While Amazon VPC Lattice can be used in a single Account, the most common use case is the use of the service in multi-account environments. With Amazon VPC Lattice, these are two main resources to be used: the VPC Lattice service network is the logical boundary that connects consumers and producers, and the Amazon VPC Lattice service is the independently deployable unit of software that delivers a task or function (the application). The multi-account model for Amazon VPC Lattice can vary depending your use case, and any model you use can work with the use of this guidance. You can find more information about the different multi-account architecture models in the following reference architecture.

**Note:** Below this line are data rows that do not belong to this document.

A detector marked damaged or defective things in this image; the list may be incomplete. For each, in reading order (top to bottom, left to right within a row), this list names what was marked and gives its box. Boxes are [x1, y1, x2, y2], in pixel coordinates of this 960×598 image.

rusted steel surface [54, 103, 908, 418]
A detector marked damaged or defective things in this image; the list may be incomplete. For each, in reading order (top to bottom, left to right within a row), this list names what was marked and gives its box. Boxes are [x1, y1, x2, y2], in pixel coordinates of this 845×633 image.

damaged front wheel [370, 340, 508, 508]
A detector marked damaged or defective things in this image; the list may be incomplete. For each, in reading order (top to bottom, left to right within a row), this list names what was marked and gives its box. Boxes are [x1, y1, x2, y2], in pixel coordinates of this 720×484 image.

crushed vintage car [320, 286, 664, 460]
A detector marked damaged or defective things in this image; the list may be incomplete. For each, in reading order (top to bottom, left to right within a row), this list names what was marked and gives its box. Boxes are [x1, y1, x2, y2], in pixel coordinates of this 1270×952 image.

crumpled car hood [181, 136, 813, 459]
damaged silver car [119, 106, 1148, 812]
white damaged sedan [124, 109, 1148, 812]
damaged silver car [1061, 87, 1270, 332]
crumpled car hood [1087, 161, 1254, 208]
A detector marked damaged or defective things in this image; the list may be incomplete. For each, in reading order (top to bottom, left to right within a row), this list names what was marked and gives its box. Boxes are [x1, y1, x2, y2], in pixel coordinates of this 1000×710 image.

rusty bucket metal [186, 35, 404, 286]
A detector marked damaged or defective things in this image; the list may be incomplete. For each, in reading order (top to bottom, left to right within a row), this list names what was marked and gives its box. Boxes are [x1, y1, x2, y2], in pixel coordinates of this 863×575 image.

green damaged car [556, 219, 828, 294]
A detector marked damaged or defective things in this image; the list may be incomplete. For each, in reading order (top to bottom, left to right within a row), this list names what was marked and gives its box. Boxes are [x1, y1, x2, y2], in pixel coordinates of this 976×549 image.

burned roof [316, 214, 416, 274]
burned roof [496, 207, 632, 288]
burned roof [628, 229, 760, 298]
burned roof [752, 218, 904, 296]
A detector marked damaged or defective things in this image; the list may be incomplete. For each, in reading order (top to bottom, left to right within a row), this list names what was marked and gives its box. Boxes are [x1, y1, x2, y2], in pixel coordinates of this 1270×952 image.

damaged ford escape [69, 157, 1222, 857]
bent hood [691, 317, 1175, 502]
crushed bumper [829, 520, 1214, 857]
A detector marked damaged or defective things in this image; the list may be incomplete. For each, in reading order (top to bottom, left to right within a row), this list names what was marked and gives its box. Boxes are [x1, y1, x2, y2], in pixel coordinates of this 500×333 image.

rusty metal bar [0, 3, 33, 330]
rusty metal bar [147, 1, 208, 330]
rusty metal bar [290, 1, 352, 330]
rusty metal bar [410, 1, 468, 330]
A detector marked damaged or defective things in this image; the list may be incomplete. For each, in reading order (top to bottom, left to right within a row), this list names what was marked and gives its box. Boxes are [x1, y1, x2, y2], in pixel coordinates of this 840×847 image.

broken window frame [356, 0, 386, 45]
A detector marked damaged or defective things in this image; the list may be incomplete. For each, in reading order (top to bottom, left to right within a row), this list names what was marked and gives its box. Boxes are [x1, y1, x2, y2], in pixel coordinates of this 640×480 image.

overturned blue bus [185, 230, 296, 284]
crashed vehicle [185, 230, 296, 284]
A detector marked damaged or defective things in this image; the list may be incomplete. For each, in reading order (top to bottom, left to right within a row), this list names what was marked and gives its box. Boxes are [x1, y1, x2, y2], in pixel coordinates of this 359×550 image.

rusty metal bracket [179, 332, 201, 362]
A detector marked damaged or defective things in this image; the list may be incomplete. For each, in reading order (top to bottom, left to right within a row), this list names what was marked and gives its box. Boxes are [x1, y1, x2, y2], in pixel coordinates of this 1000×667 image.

This guidance supposes a centralized model in terms of the DNS resolution, as follows:

  • A central Networking account owns all the DNS configuration, sharing it with the rest of the AWS accounts.
  • The rest of the Spoke accounts consume this DNS configuration shared by the Networking account, so resources can resolve the services’ custom domain names to the Amazon VPC Lattice-generated domain name (the consumer services can know the service they want to consume needs to be done through Amazon VPC Lattice).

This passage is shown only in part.